Sunday, August 03, 2008

Objectivism & History, Part 3

Metaphysical presuppositions 2. Objectivism rejects what Peikoff labels eclectic theories of history—i.e., those theories that assume the existence of multiple factors affecting the course of history. Objectivism insists that philosophy is the decisive factor in shaping the actions and events of history. As Peikoff explains near the end of Ominous Parallels:
The complexity of human society does not make it unintelligible, not even when it is a society torn by contradictions and in the process of collapse—unless one views the collapse without the benefit of philosophy. Such a procedure means: viewing the symptoms of a disease without knowing that they are symptoms, or that they have a unifying cause.

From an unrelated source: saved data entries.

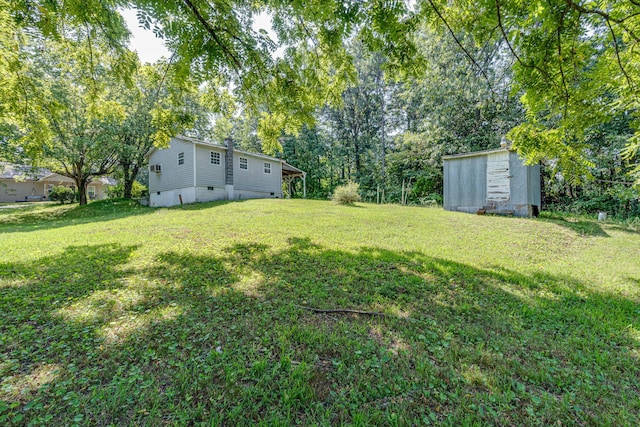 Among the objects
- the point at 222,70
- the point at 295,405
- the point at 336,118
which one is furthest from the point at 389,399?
the point at 336,118

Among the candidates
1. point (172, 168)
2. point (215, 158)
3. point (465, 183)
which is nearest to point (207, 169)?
point (215, 158)

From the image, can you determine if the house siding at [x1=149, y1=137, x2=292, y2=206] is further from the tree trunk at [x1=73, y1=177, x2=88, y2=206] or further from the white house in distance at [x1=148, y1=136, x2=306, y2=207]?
the tree trunk at [x1=73, y1=177, x2=88, y2=206]

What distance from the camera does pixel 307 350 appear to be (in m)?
2.17

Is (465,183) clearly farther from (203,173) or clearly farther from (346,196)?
(203,173)

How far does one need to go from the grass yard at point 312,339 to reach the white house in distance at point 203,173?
10220 mm

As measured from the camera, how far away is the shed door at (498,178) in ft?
36.2

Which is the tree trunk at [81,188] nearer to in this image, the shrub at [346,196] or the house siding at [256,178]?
the house siding at [256,178]

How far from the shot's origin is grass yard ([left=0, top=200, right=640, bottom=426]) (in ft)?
5.31

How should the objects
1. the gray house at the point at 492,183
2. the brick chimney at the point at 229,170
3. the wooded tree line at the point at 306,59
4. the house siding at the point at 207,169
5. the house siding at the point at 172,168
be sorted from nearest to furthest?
the wooded tree line at the point at 306,59
the gray house at the point at 492,183
the house siding at the point at 207,169
the house siding at the point at 172,168
the brick chimney at the point at 229,170

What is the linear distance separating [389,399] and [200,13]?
5.35 metres

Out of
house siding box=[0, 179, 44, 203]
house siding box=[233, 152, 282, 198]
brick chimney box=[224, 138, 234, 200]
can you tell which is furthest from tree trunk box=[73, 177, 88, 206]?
house siding box=[0, 179, 44, 203]

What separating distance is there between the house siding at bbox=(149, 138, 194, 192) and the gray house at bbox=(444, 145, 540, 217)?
45.9 feet

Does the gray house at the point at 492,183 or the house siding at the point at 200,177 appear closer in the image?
the gray house at the point at 492,183

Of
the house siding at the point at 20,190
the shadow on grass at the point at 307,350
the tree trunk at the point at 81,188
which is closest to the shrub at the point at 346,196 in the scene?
the shadow on grass at the point at 307,350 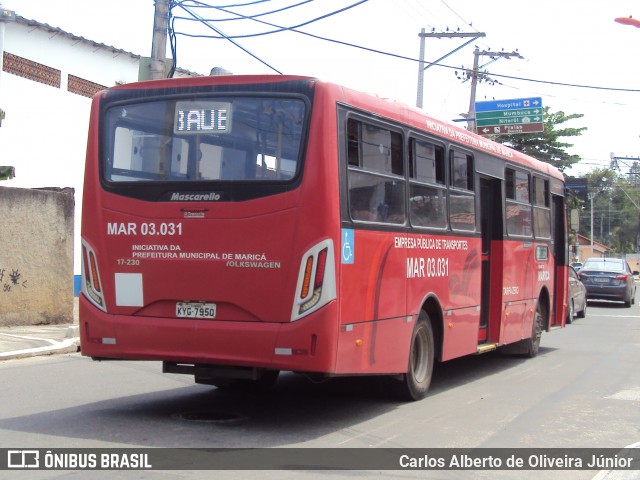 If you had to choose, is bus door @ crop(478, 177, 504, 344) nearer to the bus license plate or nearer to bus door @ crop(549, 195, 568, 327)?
bus door @ crop(549, 195, 568, 327)

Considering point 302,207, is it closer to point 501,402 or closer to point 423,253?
point 423,253

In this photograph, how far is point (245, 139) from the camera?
7707mm

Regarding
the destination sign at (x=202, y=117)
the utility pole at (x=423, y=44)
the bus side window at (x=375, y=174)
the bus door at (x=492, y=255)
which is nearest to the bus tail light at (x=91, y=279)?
the destination sign at (x=202, y=117)

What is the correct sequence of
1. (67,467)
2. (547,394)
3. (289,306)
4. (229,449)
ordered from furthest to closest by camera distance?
1. (547,394)
2. (289,306)
3. (229,449)
4. (67,467)

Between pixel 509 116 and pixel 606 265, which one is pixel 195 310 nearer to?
pixel 606 265

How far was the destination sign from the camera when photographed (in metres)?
7.82

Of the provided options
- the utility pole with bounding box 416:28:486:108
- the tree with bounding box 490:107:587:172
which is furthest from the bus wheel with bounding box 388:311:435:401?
the tree with bounding box 490:107:587:172

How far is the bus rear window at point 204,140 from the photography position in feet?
24.9

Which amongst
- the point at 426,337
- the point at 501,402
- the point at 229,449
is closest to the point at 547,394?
the point at 501,402

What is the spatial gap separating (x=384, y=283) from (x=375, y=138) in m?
1.44

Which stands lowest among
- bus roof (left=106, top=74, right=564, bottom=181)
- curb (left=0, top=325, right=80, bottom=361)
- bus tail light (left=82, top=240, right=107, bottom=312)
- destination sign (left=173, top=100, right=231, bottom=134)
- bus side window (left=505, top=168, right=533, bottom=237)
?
curb (left=0, top=325, right=80, bottom=361)

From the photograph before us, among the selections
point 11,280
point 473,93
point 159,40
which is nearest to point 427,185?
point 159,40

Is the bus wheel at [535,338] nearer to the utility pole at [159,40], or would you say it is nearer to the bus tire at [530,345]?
the bus tire at [530,345]

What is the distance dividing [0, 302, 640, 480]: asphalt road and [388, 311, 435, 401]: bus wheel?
0.15 m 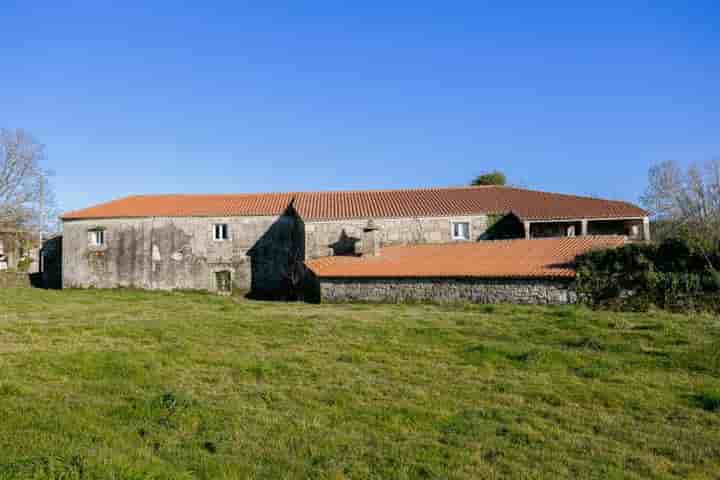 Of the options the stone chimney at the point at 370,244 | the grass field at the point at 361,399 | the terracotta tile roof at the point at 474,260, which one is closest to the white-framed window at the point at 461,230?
the terracotta tile roof at the point at 474,260

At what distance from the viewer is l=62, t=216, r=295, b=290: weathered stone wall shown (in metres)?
31.1

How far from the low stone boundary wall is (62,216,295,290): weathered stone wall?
3.70 meters

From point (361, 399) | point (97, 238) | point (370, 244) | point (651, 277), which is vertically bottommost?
point (361, 399)

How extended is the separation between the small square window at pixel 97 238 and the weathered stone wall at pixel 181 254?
23cm

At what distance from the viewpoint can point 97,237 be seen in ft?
105

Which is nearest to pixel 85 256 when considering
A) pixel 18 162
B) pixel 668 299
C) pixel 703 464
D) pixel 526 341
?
pixel 18 162

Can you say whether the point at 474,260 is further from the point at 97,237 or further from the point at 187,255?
A: the point at 97,237

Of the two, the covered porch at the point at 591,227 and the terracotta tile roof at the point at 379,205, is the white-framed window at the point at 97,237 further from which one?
the covered porch at the point at 591,227

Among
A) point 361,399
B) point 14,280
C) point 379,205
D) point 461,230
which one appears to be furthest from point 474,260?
point 14,280

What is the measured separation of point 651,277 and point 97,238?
27.6 metres

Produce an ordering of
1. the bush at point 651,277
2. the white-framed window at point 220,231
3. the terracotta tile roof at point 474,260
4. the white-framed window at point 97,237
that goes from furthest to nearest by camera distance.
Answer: the white-framed window at point 97,237, the white-framed window at point 220,231, the terracotta tile roof at point 474,260, the bush at point 651,277

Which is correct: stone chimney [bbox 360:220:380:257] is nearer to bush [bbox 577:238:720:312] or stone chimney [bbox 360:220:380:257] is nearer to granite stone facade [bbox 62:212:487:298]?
granite stone facade [bbox 62:212:487:298]

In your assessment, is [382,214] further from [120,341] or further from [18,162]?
[18,162]

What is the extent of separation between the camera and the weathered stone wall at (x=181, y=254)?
31125 mm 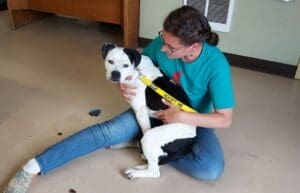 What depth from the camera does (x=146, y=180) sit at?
1467 mm

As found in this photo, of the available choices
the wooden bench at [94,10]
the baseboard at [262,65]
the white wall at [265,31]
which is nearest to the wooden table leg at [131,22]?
the wooden bench at [94,10]

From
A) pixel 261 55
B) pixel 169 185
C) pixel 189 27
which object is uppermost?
pixel 189 27

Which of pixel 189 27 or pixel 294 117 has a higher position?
pixel 189 27

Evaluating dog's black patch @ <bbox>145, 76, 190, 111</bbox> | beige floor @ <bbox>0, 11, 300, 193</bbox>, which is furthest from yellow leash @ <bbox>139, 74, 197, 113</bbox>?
beige floor @ <bbox>0, 11, 300, 193</bbox>

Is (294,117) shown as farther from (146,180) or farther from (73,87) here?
(73,87)

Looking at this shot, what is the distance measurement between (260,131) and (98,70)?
47.6 inches

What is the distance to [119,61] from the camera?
1.33 metres

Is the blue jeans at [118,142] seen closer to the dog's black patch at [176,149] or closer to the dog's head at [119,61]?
the dog's black patch at [176,149]

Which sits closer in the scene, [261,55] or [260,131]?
[260,131]

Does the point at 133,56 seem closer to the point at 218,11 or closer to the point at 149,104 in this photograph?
the point at 149,104

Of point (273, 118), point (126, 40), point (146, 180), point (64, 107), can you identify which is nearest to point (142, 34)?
point (126, 40)

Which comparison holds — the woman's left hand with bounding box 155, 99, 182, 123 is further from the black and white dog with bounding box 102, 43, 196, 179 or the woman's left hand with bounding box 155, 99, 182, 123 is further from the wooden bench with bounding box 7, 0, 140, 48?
the wooden bench with bounding box 7, 0, 140, 48

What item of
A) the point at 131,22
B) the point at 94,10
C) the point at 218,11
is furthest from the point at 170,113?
the point at 94,10

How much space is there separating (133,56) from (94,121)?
25.8 inches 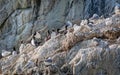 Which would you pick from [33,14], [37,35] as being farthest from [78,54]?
[33,14]

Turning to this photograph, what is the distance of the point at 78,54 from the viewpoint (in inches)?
870

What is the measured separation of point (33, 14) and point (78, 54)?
1444cm

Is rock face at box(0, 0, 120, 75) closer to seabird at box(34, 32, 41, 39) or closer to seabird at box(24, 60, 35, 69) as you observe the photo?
seabird at box(24, 60, 35, 69)

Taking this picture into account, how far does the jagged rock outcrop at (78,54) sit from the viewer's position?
21141mm

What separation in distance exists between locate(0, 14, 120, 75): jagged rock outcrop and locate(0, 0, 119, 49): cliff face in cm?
861

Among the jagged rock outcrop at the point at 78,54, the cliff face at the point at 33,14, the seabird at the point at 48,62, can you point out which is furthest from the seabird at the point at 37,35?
the seabird at the point at 48,62

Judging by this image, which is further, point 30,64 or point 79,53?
point 30,64

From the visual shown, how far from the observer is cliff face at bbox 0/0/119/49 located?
3425 centimetres

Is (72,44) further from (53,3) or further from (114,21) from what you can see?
(53,3)

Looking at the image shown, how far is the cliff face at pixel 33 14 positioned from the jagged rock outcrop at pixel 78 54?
28.2 ft

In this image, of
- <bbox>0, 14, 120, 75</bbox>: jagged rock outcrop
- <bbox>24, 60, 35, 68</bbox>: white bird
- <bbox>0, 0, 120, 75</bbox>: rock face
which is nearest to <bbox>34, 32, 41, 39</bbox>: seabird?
<bbox>0, 0, 120, 75</bbox>: rock face

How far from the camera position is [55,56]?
22.8 metres

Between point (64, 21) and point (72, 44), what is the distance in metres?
11.7

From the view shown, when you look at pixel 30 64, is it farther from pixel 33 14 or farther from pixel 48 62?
pixel 33 14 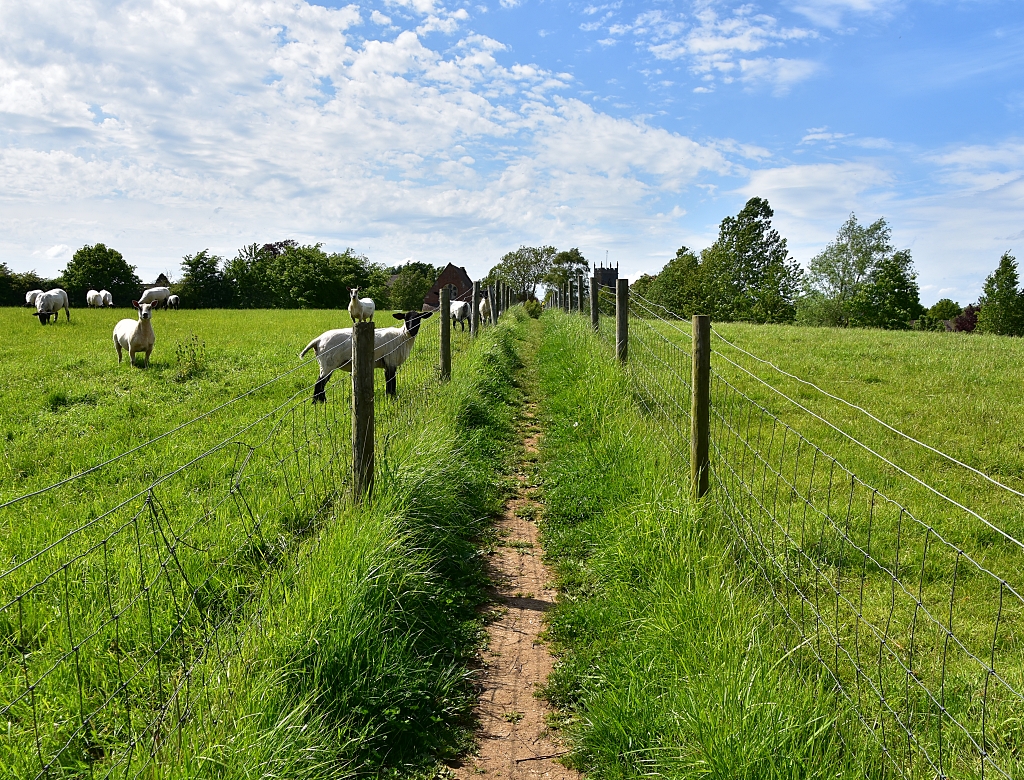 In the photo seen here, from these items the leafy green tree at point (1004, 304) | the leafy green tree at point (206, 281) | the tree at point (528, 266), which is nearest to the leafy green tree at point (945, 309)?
the leafy green tree at point (1004, 304)

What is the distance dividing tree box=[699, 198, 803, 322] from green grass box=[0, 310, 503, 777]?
191ft

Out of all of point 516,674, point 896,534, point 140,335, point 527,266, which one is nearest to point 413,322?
point 140,335

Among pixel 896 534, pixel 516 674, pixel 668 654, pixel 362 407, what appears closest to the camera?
pixel 668 654

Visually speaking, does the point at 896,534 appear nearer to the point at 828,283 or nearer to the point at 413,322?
the point at 413,322

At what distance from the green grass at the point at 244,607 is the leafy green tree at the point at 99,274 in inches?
2572

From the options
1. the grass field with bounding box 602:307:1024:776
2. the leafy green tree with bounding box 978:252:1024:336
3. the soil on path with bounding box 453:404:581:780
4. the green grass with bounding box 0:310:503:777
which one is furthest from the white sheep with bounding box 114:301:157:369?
the leafy green tree with bounding box 978:252:1024:336

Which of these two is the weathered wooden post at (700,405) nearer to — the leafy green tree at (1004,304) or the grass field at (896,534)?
the grass field at (896,534)

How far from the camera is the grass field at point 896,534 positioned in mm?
2895

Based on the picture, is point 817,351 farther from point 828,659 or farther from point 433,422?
point 828,659

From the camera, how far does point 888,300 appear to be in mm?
58656

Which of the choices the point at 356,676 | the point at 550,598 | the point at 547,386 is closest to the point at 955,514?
the point at 550,598

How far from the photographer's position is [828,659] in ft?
11.1

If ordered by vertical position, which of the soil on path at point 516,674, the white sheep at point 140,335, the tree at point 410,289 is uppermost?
the tree at point 410,289

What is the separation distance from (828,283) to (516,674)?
228 feet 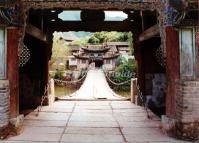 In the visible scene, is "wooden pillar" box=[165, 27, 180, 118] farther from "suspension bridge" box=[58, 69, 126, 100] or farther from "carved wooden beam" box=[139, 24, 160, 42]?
"suspension bridge" box=[58, 69, 126, 100]

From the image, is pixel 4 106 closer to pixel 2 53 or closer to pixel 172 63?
pixel 2 53

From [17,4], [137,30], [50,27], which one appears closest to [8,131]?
[17,4]

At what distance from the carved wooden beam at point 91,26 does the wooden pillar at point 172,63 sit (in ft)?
16.8

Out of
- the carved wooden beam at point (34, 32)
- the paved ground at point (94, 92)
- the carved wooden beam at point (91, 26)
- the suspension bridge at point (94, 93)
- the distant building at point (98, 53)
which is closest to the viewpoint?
the carved wooden beam at point (34, 32)

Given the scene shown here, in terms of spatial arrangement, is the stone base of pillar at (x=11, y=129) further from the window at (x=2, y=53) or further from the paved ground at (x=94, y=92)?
the paved ground at (x=94, y=92)

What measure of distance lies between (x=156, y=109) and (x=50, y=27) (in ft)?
14.9

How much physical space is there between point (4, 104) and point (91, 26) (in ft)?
19.9

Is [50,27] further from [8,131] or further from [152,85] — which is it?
[8,131]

The metaphysical implications of this view is that reality is so constituted that it is explicable by an ultimate cause. Indeed, this is one of the more controversial implications behind the Objectivist view of knowledge as hierarchical. Reality conveniently allows itself to be explicable within a hierarchy of concepts, with the widest concepts explaining all the lower concepts in the hierarchy. Objectivism tries to evade these metaphysical implications by insisting that this hierarchy is purely epistemological. But in the form it takes in the Objectivist philosophy of history, it is unclear that the metaphysical implications can be carelessly swept under the epistemological rug. Peikoff assumes that as long as you view the complexity of human society with “the benefit of philosophy,” it must be intelligible. Every symptom, Peikoff assumes, has an identifiable unitary cause. This assumption cannot be made on epistemological grounds alone. Unless one assumes that reality itself in fundamentally intelligible, Peikoff’s epistemological assumptions are entirely gratuitous.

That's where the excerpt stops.